«Dopo 90 anni di storia l'addio di Nestlè alle caramelle “Rossana”». L’allarme sul destino della caramella nasce il 24 febbraio scorso, quando Carla Spagnoli, bisnipote di Luisa, storica fondatrice della Perugina, fabbrica leader a livello internazionale per la produzione del cioccolato, pubblica su Perugina Today una lettera in cui preludeva ad un possibile smantellamento dalla produzione delle “Rossana”.
La reazione del web non è tardata ad arrivare, basti pensare agli eventi, petizioni che sono state organizzate per salvare le storiche caramelle. In realtà la Nestlè risponde all'allarmismo generale annunciando «un piano industriale da 60 milioni in tre anni che punta a potenziare lo stabilimento di San Sisto, a conferma della posizione come uno dei poli produttivi di eccellenza del cioccolato all’interno del gruppo Nestlé». Una dichiarazione che fa tirare un sospiro di sollievo agli amanti della “Rossana” che però rappresenta solo il 2% della quota di mercato. La Nestlè ci tiene a precisare la volontà di «rafforzare lo storico marchio in Italia per fare di Perugina un simbolo del “Made in Italy” in tutto il mondo».

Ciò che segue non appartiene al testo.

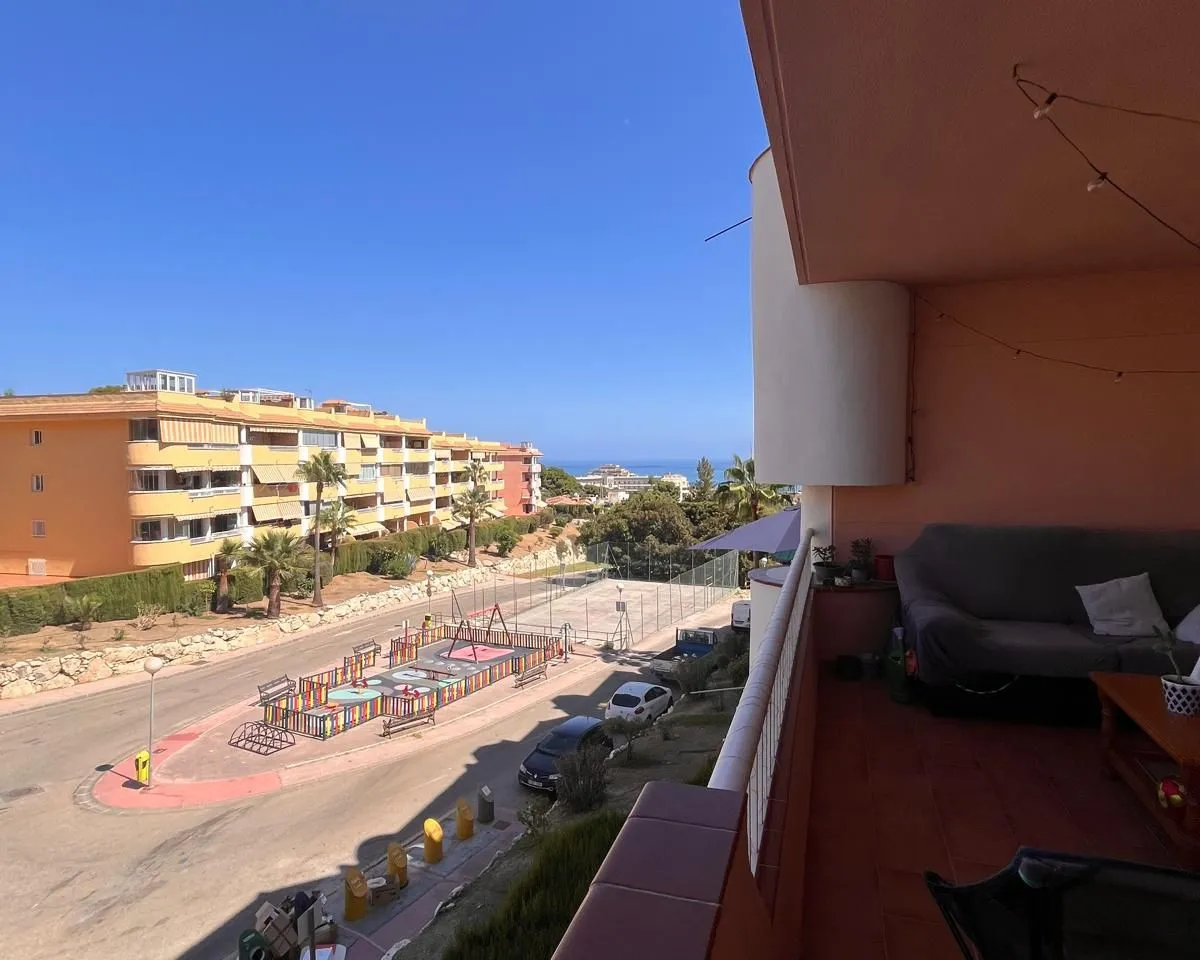 e722555f-d4eb-49e1-9527-224c9f392bf2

A dar adito alle polemiche è ancora la Spagnoli, che dalle pagine de Il Giornale racconta che «la Nestlé non aveva e non ha nessuna intenzione di investire nei prodotti storici della Perugina. E i sindacati hanno le loro colpe: gli hanno fatto fare quello che volevano». Al contrario, Mauro Macchiesi, segretario nazionale Flai Cgil, risponde all'accusa e assicura che l'azienda intende continuare gli investimenti su un prodotto che, comunque, registra una vendita irrisoria rispetto agli altri prodotti del marchio». La produzione sarà mantenuta nonostante il mercato delle caramelle tradizionali stia attraversando una fase di quasi irreversibile declino a favore di caramelle “funzionali” per l’alito, per la gola, per l’igiene orale. Nel dibattito si è inserita anche la Presidente della regione umbra, Catiuscia Marini, la quale conferma gli investimenti tecnologici (per una somma che si aggira intorno ai 15 milioni e non 60 come dichiarato da Nestlè), ma preferisce sospendere il giudizio in merito «agli effetti degli interventi di ristrutturazione della fabbrica di San Sisto».
Quindi resiste, la “Rossana”, sebbene in questi giorni non si sia registrato alcun picco di vendita. Ciò che appare confermato, tuttavia, è che potrebbero non essere più fatte a San Sisto, che già prima delle riorganizzazione produceva al 95% cioccolatini, tavolette e cacao in polvere, buona parte del quali destinata ai mercati esteri.